Dans le cas d’une plaie sèche 

Le pansement hydrogel va permettre à la fois une absorption et une hydratation de la plaie. À utiliser pour déterger la fibrine sèche et la nécrose. Pour faciliter son retrait, ce type de pansement est hydrophobe.

 

Les pansements tulles imprégnés de vaseline adhèrent peu à peu à la plaie, rendant la dépose délicate et douloureuse. Les interfaces réduisent les douleurs au retrait des pansements.

 

Les pansements à l’acide hyaluronique, naturellement contenu dans le derme et les tissus conjonctifs, existent sous forme de compresses, de crèmes ou de sprays.

 

Les pansements hydrocolloïdes contiennent des polymères absorbants et existent sous forme de plaques adhésives, de poudres ou de pâtes.

 

 

Dans le cas d’une plaie exsudative 

Les pansements hydrofibres composés de fibres se transforment en gel absorbant au contact de l’exsudat. On les trouve sous forme de compresses et de mèches. Ils absorbent jusqu’à 30 fois leur poids.
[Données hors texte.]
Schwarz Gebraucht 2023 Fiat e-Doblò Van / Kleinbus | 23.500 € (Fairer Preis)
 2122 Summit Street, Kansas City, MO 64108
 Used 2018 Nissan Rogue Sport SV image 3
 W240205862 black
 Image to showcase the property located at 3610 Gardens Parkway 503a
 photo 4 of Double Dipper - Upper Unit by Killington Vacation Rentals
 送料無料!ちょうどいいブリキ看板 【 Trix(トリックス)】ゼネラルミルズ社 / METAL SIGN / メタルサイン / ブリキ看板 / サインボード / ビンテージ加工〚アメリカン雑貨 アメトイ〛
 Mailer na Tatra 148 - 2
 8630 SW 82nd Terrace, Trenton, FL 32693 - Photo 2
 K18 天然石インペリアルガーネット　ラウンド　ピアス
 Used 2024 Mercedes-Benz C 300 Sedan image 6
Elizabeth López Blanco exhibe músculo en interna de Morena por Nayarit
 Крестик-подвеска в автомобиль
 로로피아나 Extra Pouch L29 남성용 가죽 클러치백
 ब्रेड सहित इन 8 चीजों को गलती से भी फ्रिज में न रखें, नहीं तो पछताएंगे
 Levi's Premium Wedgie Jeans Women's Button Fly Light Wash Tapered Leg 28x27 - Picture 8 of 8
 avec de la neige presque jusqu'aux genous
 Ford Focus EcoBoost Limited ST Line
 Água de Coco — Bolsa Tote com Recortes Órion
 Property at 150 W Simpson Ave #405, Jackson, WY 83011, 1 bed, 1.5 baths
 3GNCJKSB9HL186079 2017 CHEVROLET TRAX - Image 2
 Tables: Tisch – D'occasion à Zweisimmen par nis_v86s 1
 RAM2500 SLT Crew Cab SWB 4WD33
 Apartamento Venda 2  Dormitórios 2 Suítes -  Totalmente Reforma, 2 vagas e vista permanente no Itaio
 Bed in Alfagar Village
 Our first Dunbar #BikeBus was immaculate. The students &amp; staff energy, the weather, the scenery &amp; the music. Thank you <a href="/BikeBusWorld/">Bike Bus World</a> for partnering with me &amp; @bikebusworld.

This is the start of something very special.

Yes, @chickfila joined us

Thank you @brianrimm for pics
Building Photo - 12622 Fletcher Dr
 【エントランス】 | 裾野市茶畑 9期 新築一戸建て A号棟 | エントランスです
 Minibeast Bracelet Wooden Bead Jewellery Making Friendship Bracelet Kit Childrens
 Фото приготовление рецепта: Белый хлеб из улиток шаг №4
Les alginates sont hémostatiques et avec une très grande capacité d’absorption. On les utilise sur des plaies hémorragiques. Ils absorbent jusqu’à 15 fois leur poids.

 

Le pansement hydrocellulaire absorbe le liquide sans dessécher la plaie. On le trouve aux formes anatomiques (talon, sacrum) ou adaptées au remplissage des plaies cavitaires. Il a un pouvoir absorbant de longue durée.

 

Pour les plaies très exsudatives, on choisit des pansements ultra-absorbants. Ils sont particulièrement adaptés aux écoulements et s’alourdissent à mesure qu’ils absorbent du fluide.

 

 

Les propriétés complémentaires 

Les pansements au charbon actif absorbent les mauvaises odeurs des plaies et se présentent sous forme de compresses ou de plaques. Particulièrement indiqué pour les plaies cancéreuses.

Les pansements à l’argent sont utilisés pour leurs propriétés antibactériennes et particulièrement indiqués pour les traitements d’ulcères inflammatoires.

 

Un pansement monocouche a une absorption latéralisée, tandis qu’en multicouche, l’exsudat traversera les couches. L’absorption est verticalisée. Bien choisir son pansement absorbant selon son indice d’absorption (Ka).

Les germes contribuent à la cicatrisation. Il faut veiller à ne pas provoquer de déséquilibre avec des antiseptiques ou antibiotiques locaux. Le pansement ne doit pas générer de douleur durant la journée même si certaines parties du soin peuvent être désagréables, voire douloureuses. Éviter de changer fréquemment un protocole de pansement au risque de provoquer un risque d’allergie ou d’intolérance.

L’infirmier veille à améliorer le confort du patient. Le soin peut également s’accompagner d’une compression (ex : ulcère veineux), d’une décharge (ex : pied diabétique).